┌──
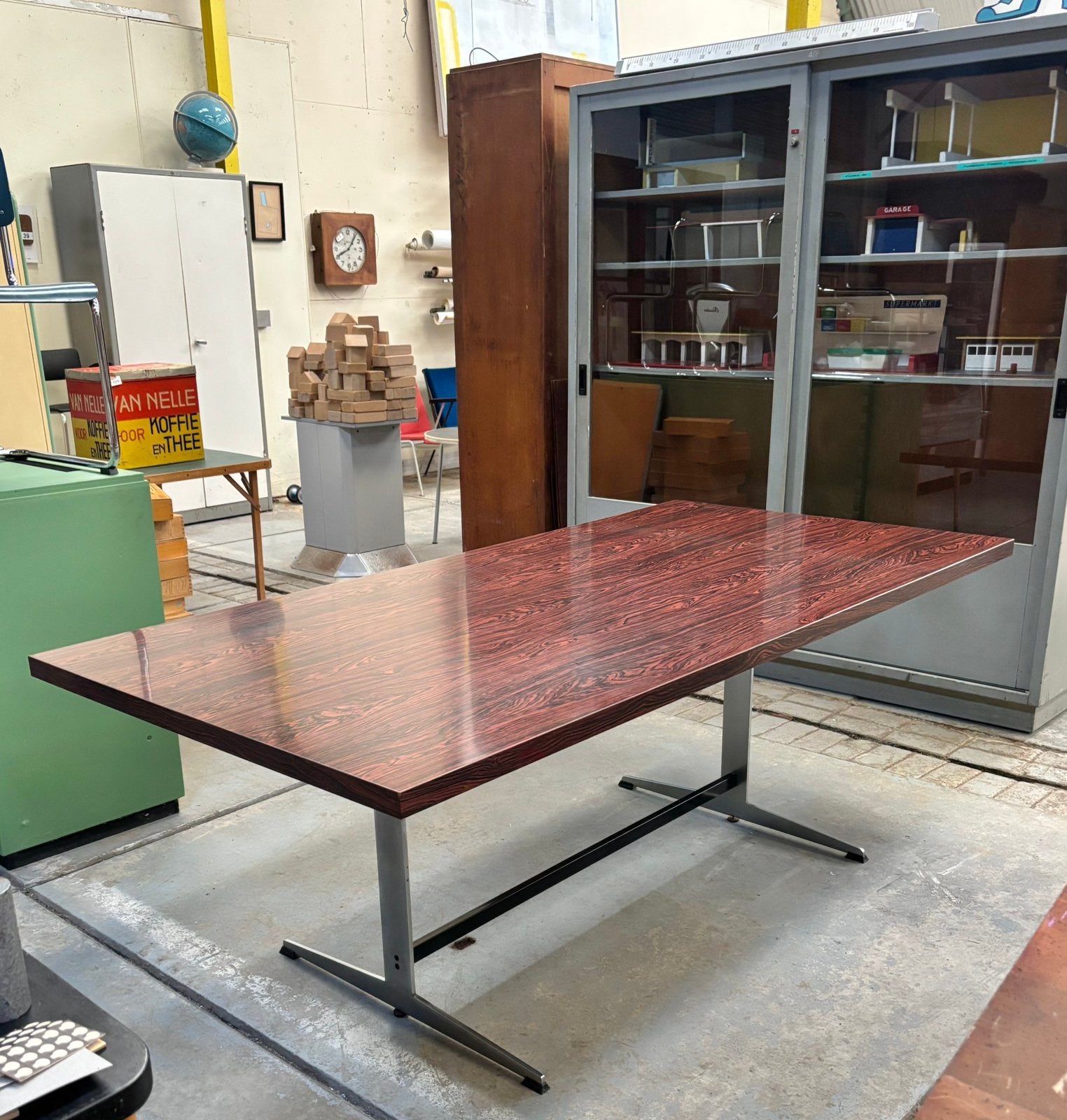 Vintage directie tafel, Ophalen, Gebruikt, 200 cm of meer, 50 tot 100 cm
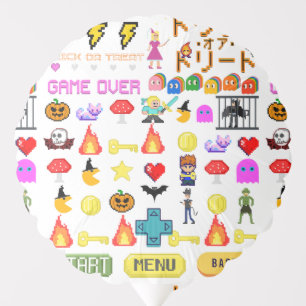 Mikitiez videogame pixel halloween spooky bat  balloon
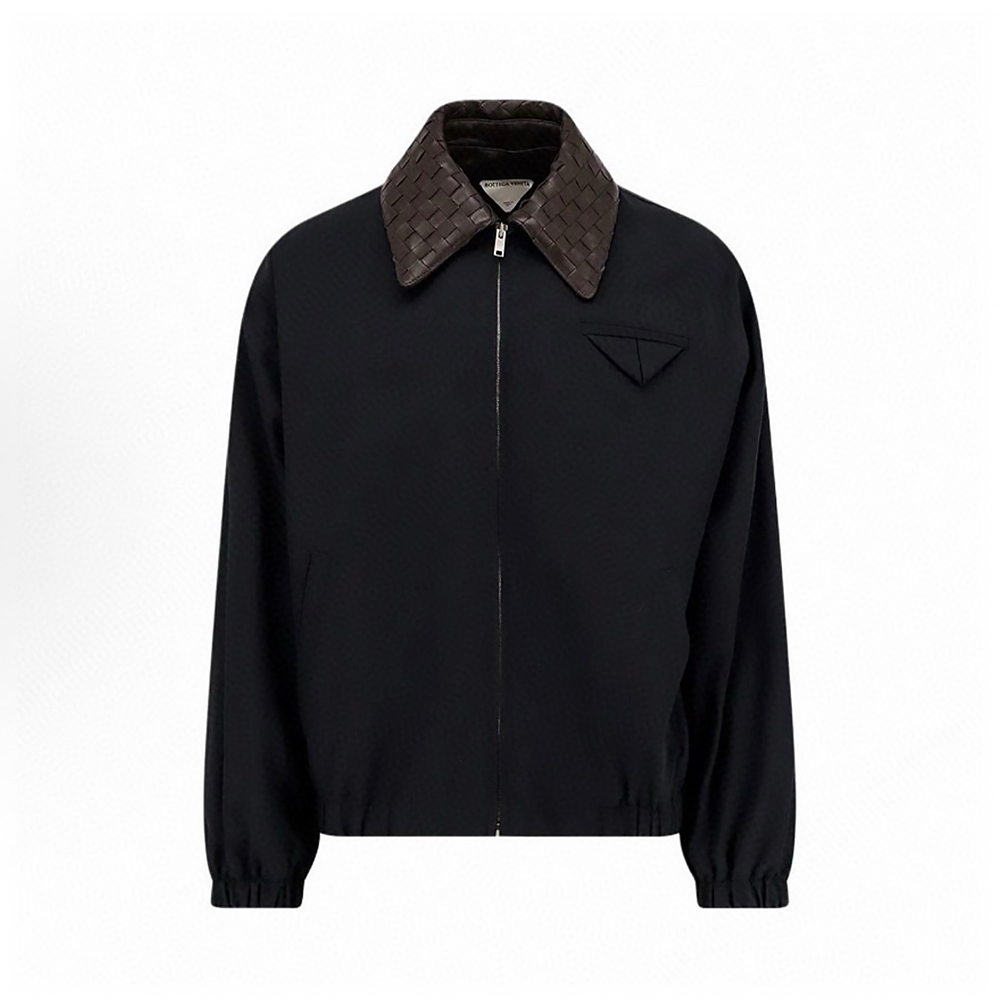 NIGO Bottega Veneta Men's Tech Cotton Zipper Woven Leather Collar Spring/Fall Solid Color Zipper Long Sleeve Jacket Ngvp #nigo2367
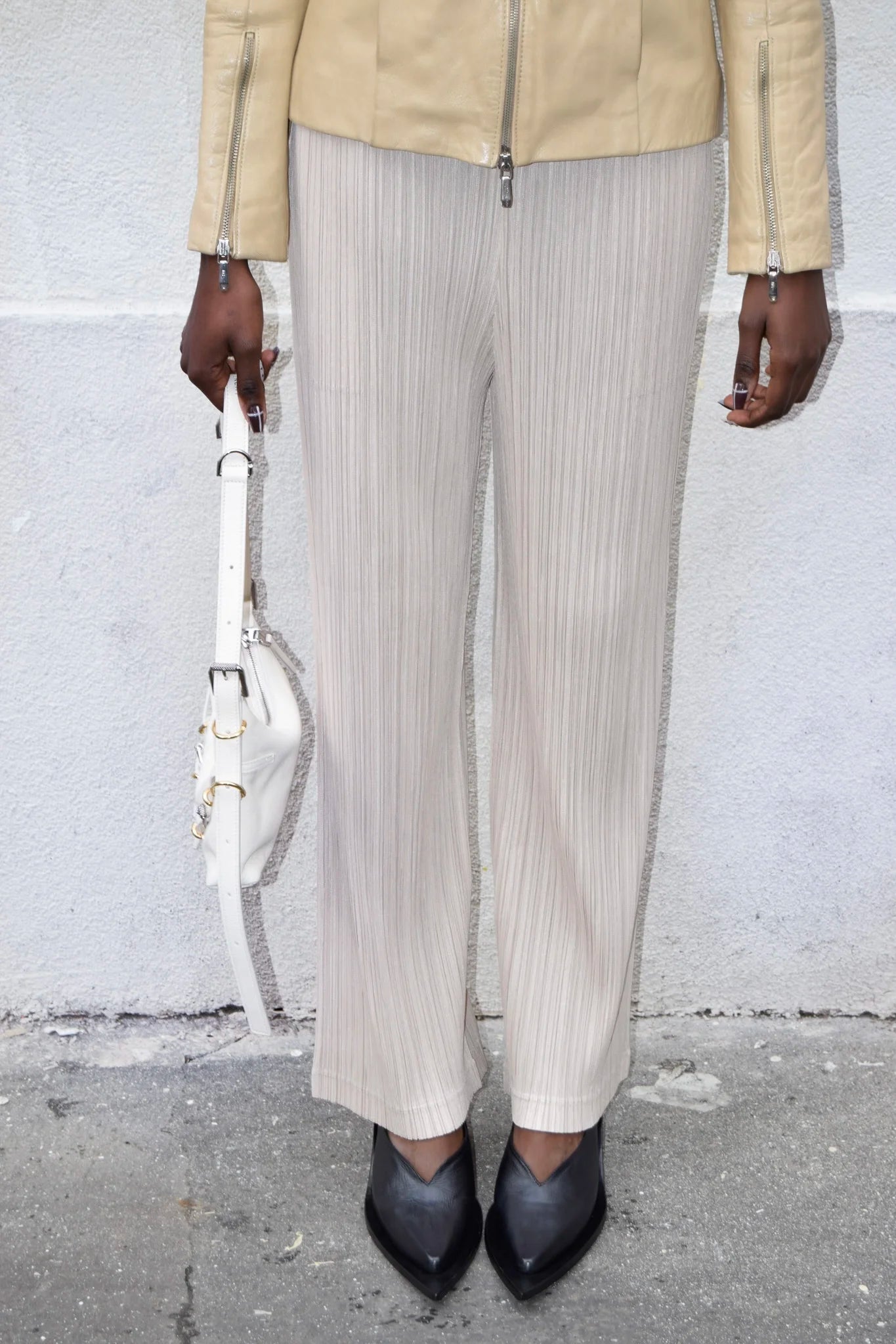 PLEATS PLEASE LIGHT BEIGE PANTS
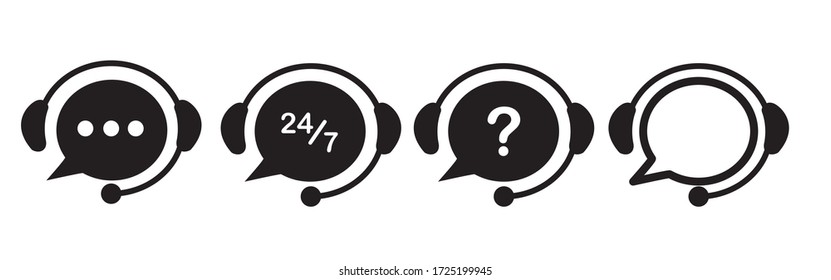 Customer service, communication, operator, internet communication technology concept flat vector set.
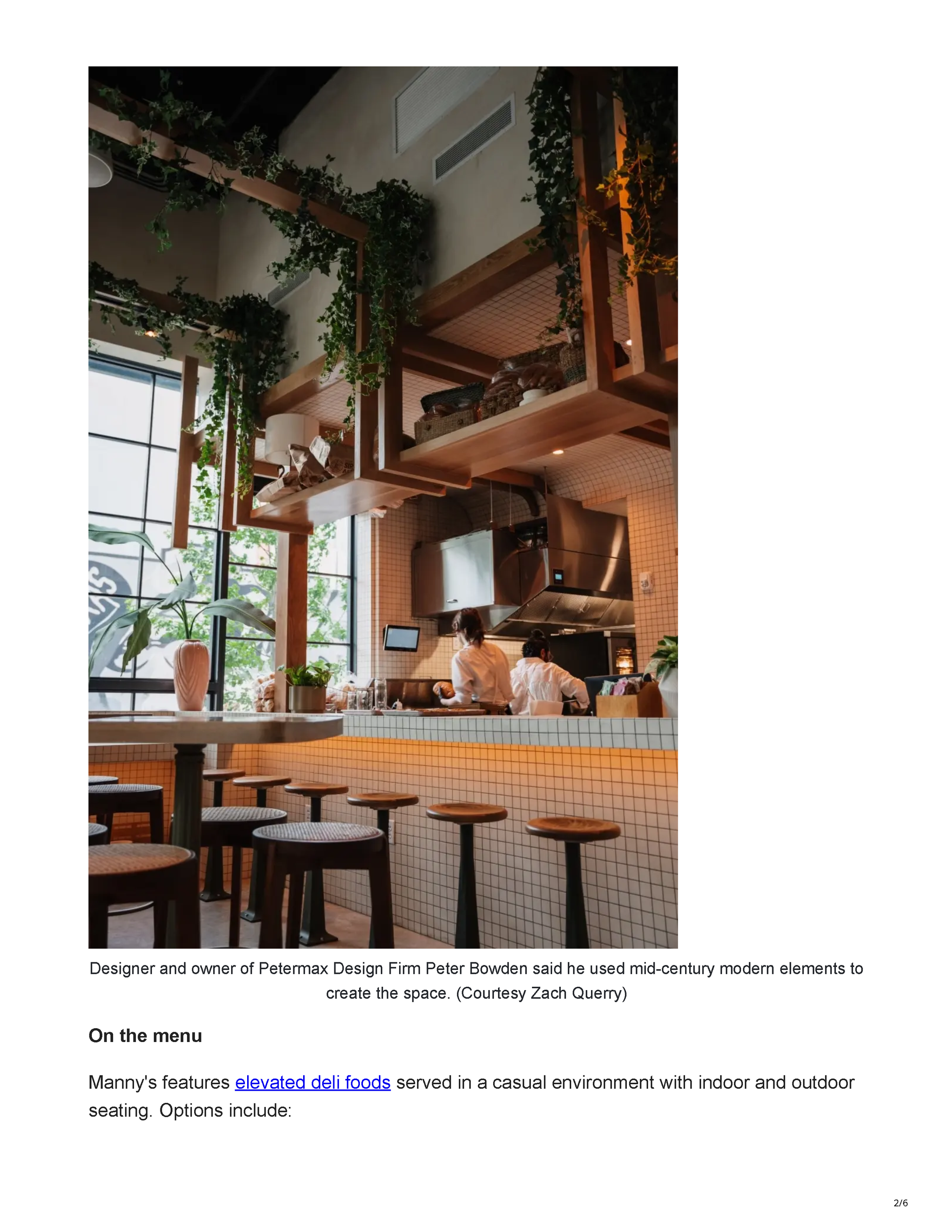 Community Impact article featuring PETERMAX-designed Manny’s and Powder Room in Downtown Austin, Texas, page 2.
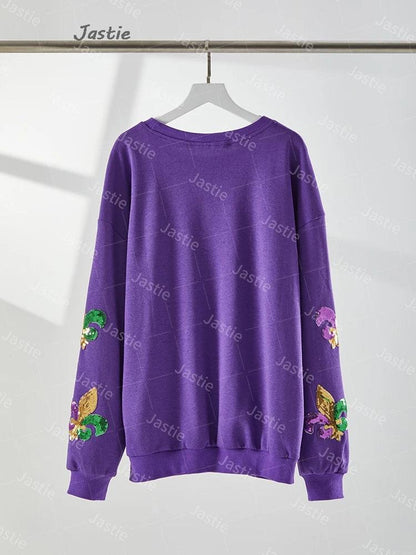 mardi gras sequin crew sweater - basil boutique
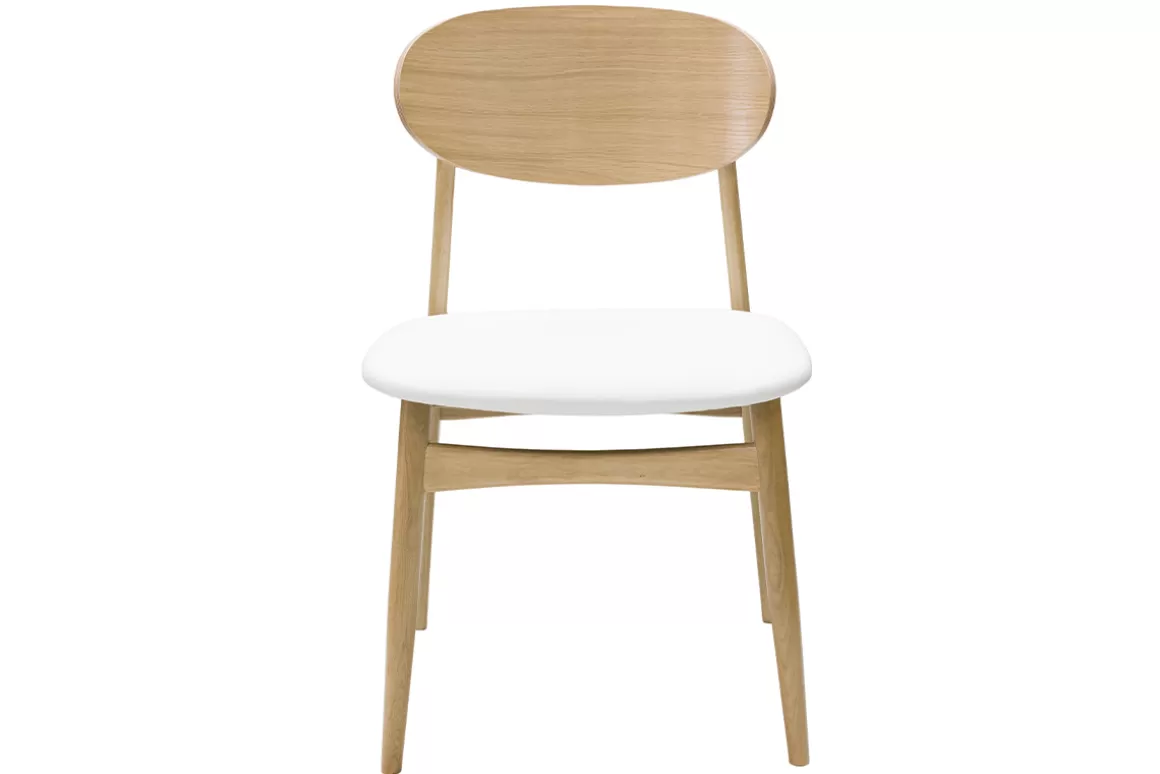 Miliboo Design-Stühle in Weiß und hellem Holz aus massiver Eiche (2er-Set) VICKY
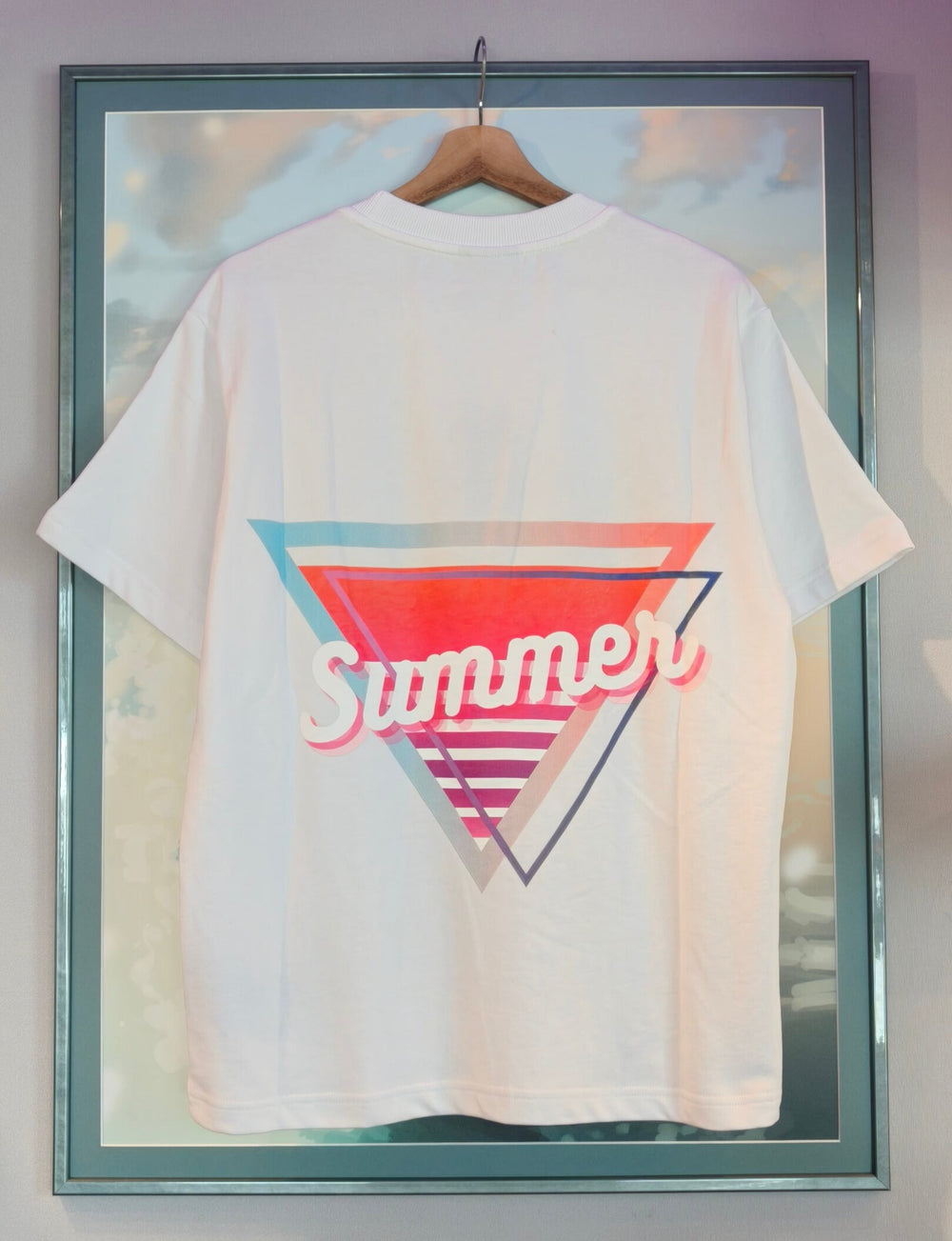 White Color Oversized T-Shirt – Summer Colorful Triangle varkomz shop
└──
# [Your goal]
Your answer should consist solely of the lines from the one holding "Customer service, communication, operator, internet" through the end of the listing, reproduced exactly and without pictures.

# [Task output]
 Customer service, communication, operator, internet communication technology concept flat vector set.
 Community Impact article featuring PETERMAX-designed Manny’s and Powder Room in Downtown Austin, Texas, page 2.
 mardi gras sequin crew sweater - basil boutique
 Miliboo Design-Stühle in Weiß und hellem Holz aus massiver Eiche (2er-Set) VICKY
 White Color Oversized T-Shirt – Summer Colorful Triangle varkomz shop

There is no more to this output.